The results represent a remarkable recovery for Ford, the only major US automaker that did not seek a government bailout during the 2008-2009 financial crisis.
"2011 marked a milestone year in our work to strengthen our balance sheet," said chief financial officer Lewis Booth.
"We increased automotive cash, reduced debt and improved liquidity, clearing the way for us to resume paying a quarterly dividend."
Yet adjusted earnings per share of $1.66 for the full year were well below market expectations of $1.84.
While challenges in Europe are expected to continue to drag on results this year, Ford forecast that its profits will nonetheless grow as it reaps the rewards of intensive restructuring and rising demand in the United States.

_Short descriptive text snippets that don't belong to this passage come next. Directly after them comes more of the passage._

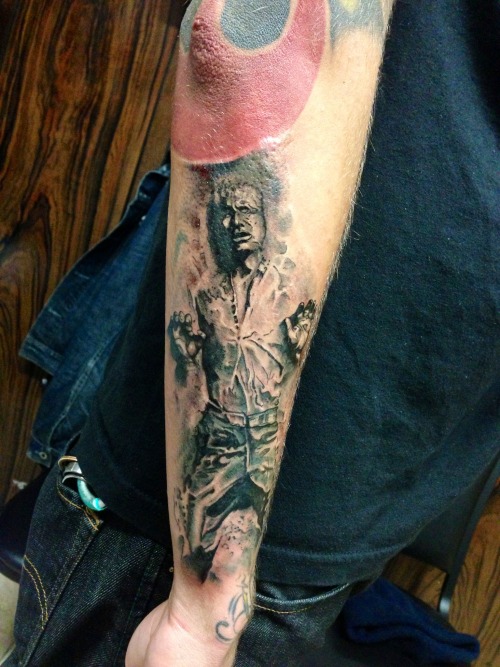 The start of my Empire Strikes Back sleeve. 
Jim Warf at Elizabeth Street Tattoo in Riverside California. 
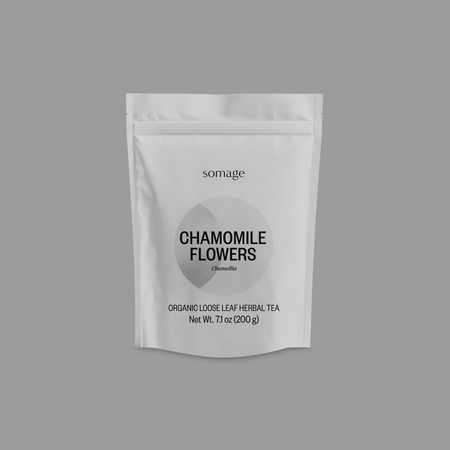 Chamomile Flowers Loose Leaf by Somage USA, dried blossoms from Egypt for herbal tea with floral aromas and subtle sweetness.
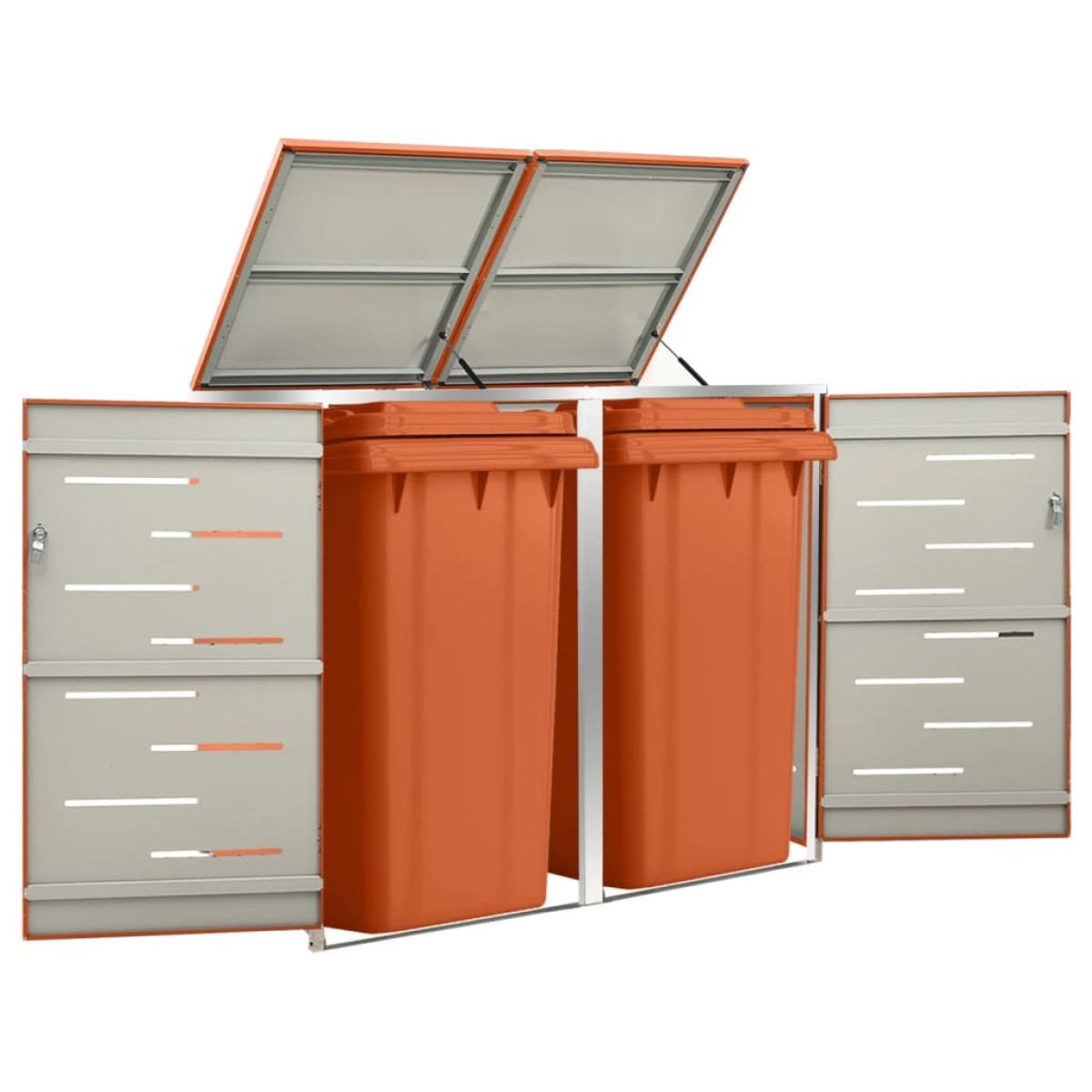 vidaXL Πλαίσιο Κάδων Απορρ. Διπλό με Ρόδες 138x77,5x115,5 εκ Αν. Ατσα.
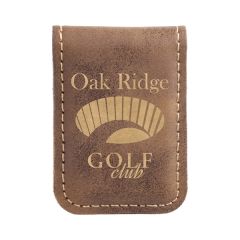 Rustic & Gold Leatherette Money Clip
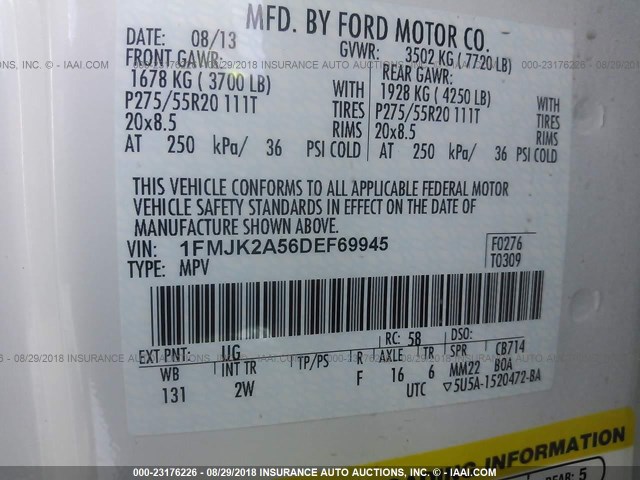 1FMJK2A56DEF69945 - 2013 FORD EXPEDITION EL LIMITED WHITE photo 9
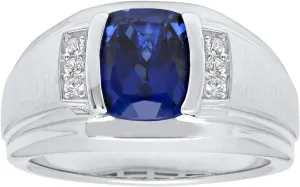 Mens 925 Sterling Silver Blue and White Sapphire Fashion Ring Sophisticated Style Statement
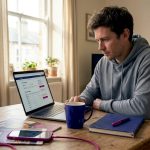 Man checking exchange rates at kitchen table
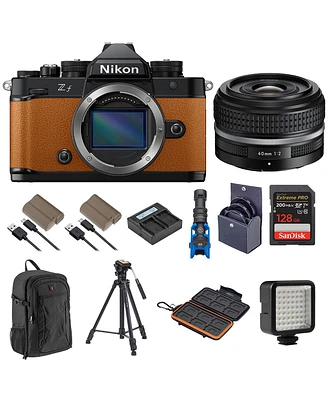 Nikon Z f Mirrorless Camera, Orange with Nikkor Z 40mm f/2 Se Lens, Bundle with 2x Battery, 128GB Memory Card, Shotgun Microphone, Tripod and Backpack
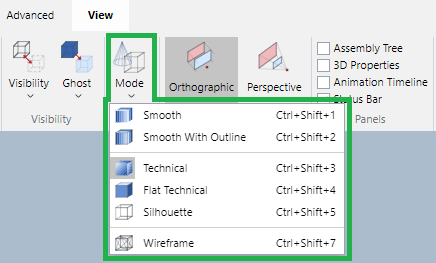 Mode menu in the Render panel on the View ribbon tab in 3D edit mode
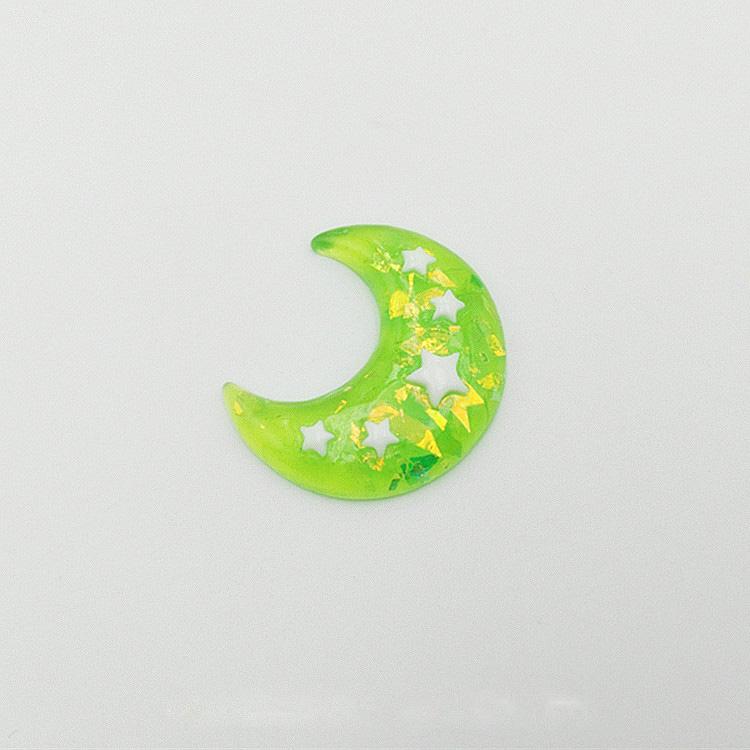 Hot Sale Good Quality Large Jelly Color Flat Back Resin Moon Cabochon for Craft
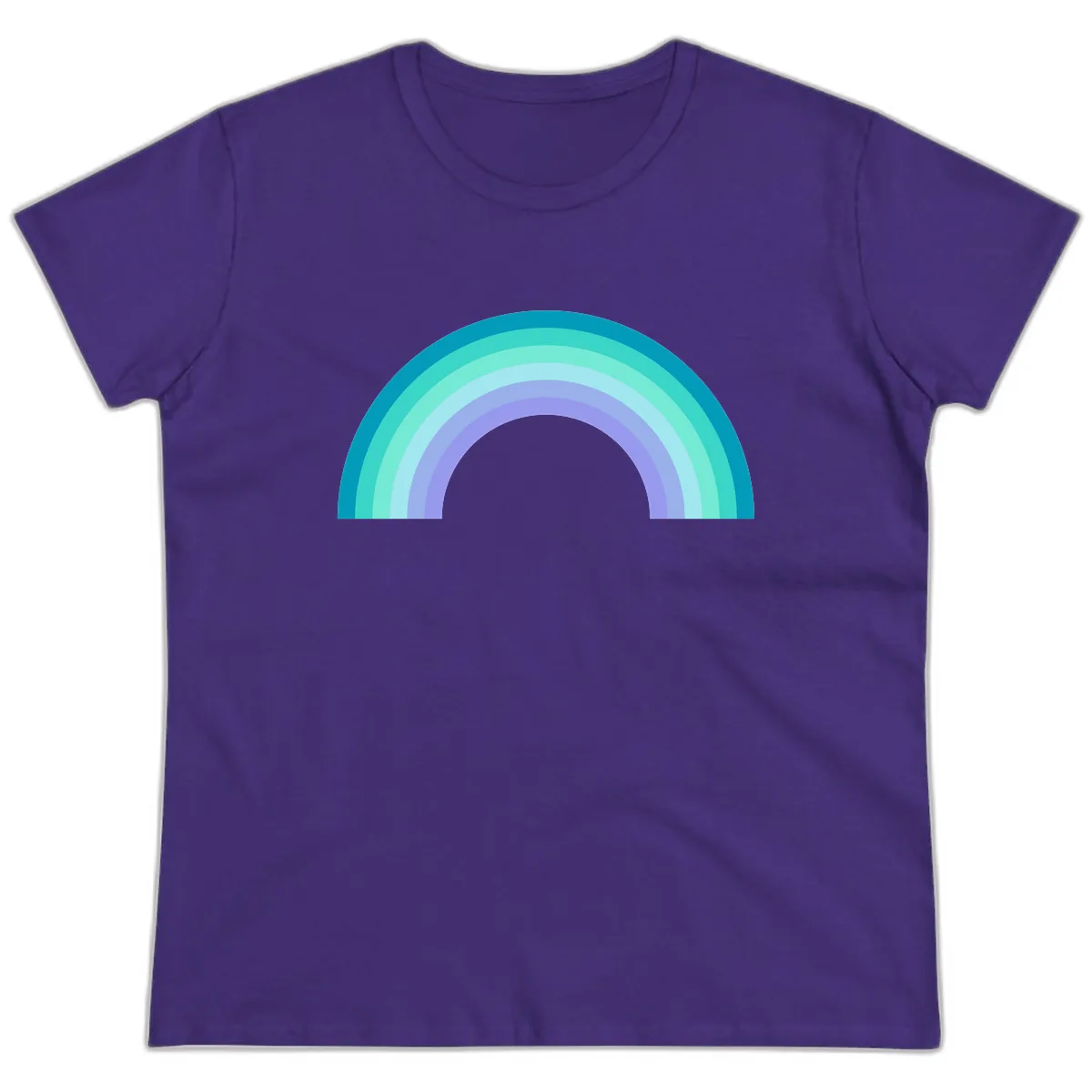 Pastel Rainbow Gradient Arch Ladies Tee in Purple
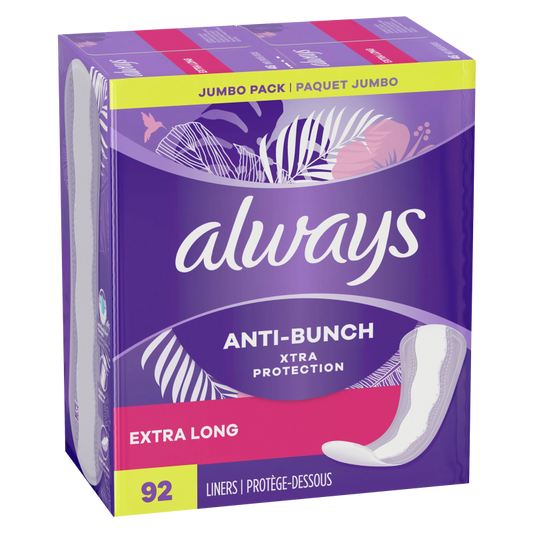 Always Anti-Bunch Xtra Protection Daily Liners Extra Long Absorbency Unscented 92ct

"For 2012 we expect to continue improving our business, delivering solid and strong automotive operating-related cash flow while working to strengthen operations in Europe and South America and continue to grow," Ford president and chief executive Alan Mulally said.
Ford is also on track to meet its goal of expanding global sales to eight million vehicles and boosting profit margins to 8-10 per cent by 2015, Mulally said in a conference call.
North America will be the engine of Ford's growth, he said, as millions of consumers who put off buying a new car during the downturn are driven back into showrooms by their ageing vehicles.
"With the average age of the vehicles getting close to 11 years, consumers really want to obtain the value and fuel efficiency of new vehicles," Mulally said.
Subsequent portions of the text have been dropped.